Start the copy at the line holding "Fish ckeleton, vector outline icon" and continue it exactly through the last line of the entries, leaving out pictures and anything else.

» **Provided material**
--- START ---
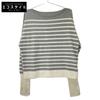 GALERIE VIE 23-02-24-02201TN 100% Wool Border Knit Tops F Gray X whiteUsed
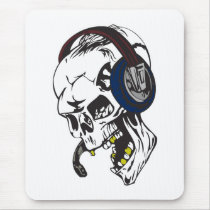 hardcore dee jay skull mousepads by halloweenie hardcore dee jay skull mousepads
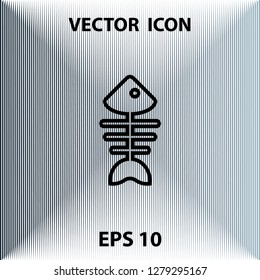 Fish ckeleton, vector outline icon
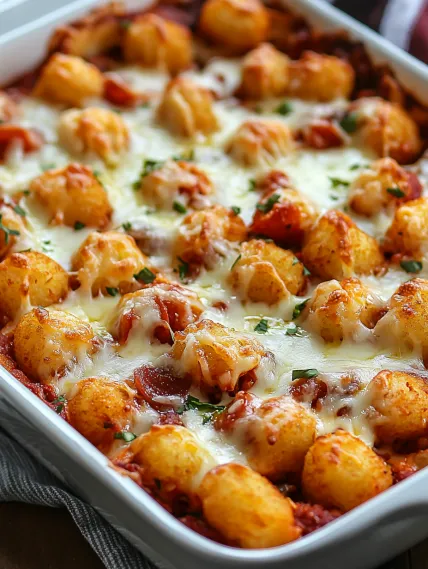 A dish of pasta with cheese and tomato sauce.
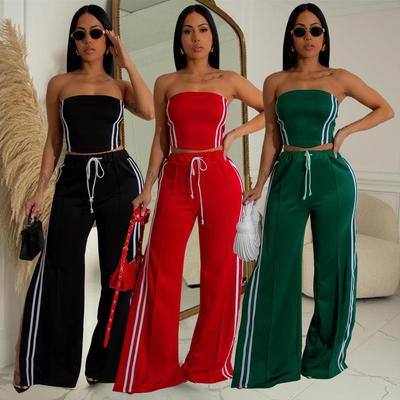C7056 European & American Fashion Women's Solid Color Sleeveless Two-Piece Long Set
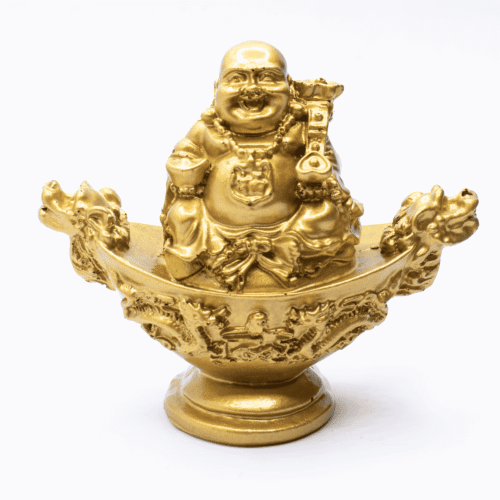 Buddha sedící na ingotu - soška feng shui - VADA VAD182
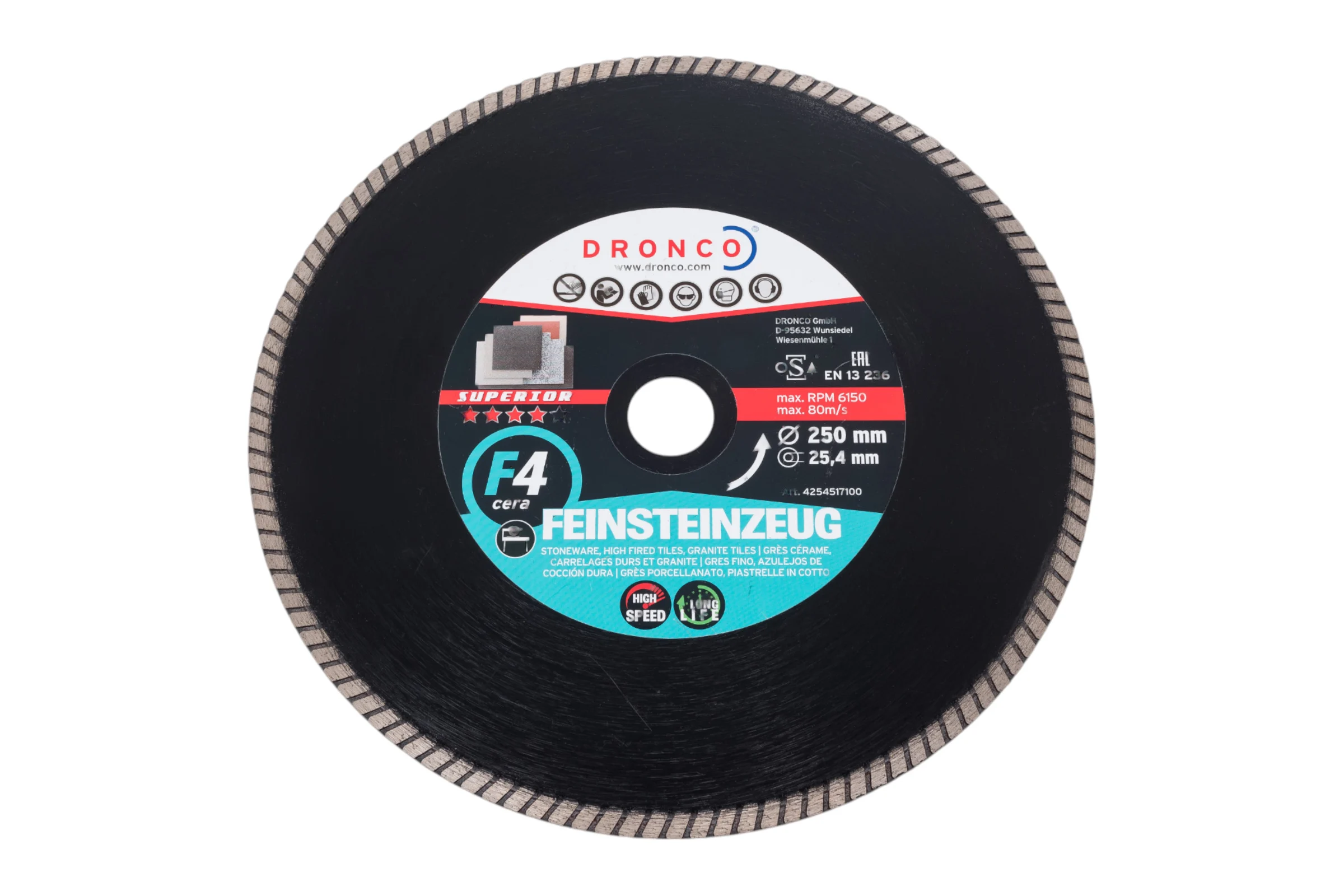 Диск алмазный F4 Cera Express GRF (250x2x25.4 мм) DRONCO 4254517100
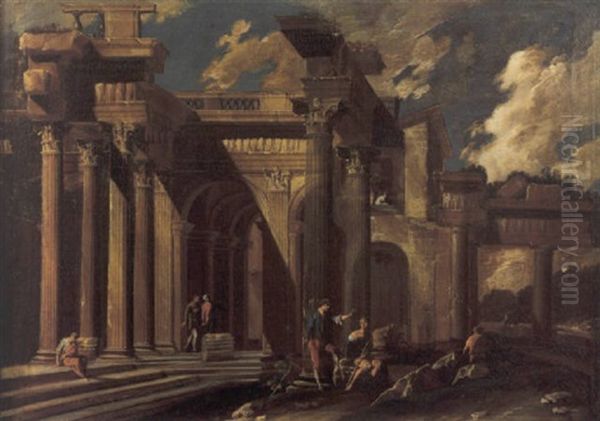 Rovine Di Un Edificio Antico Di Ordine Corinzio E Di Un Edificio Antico Di Ordine Tuscanico, Con Sei Astanti Oil Painting by Viviano Codazzi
--- END ---
» **Your solution**
 Fish ckeleton, vector outline icon
 A dish of pasta with cheese and tomato sauce.
C7056 European & American Fashion Women's Solid Color Sleeveless Two-Piece Long Set
 Buddha sedící na ingotu - soška feng shui - VADA VAD182
 Диск алмазный F4 Cera Express GRF (250x2x25.4 мм) DRONCO 4254517100
 Rovine Di Un Edificio Antico Di Ordine Corinzio E Di Un Edificio Antico Di Ordine Tuscanico, Con Sei Astanti Oil Painting by Viviano Codazzi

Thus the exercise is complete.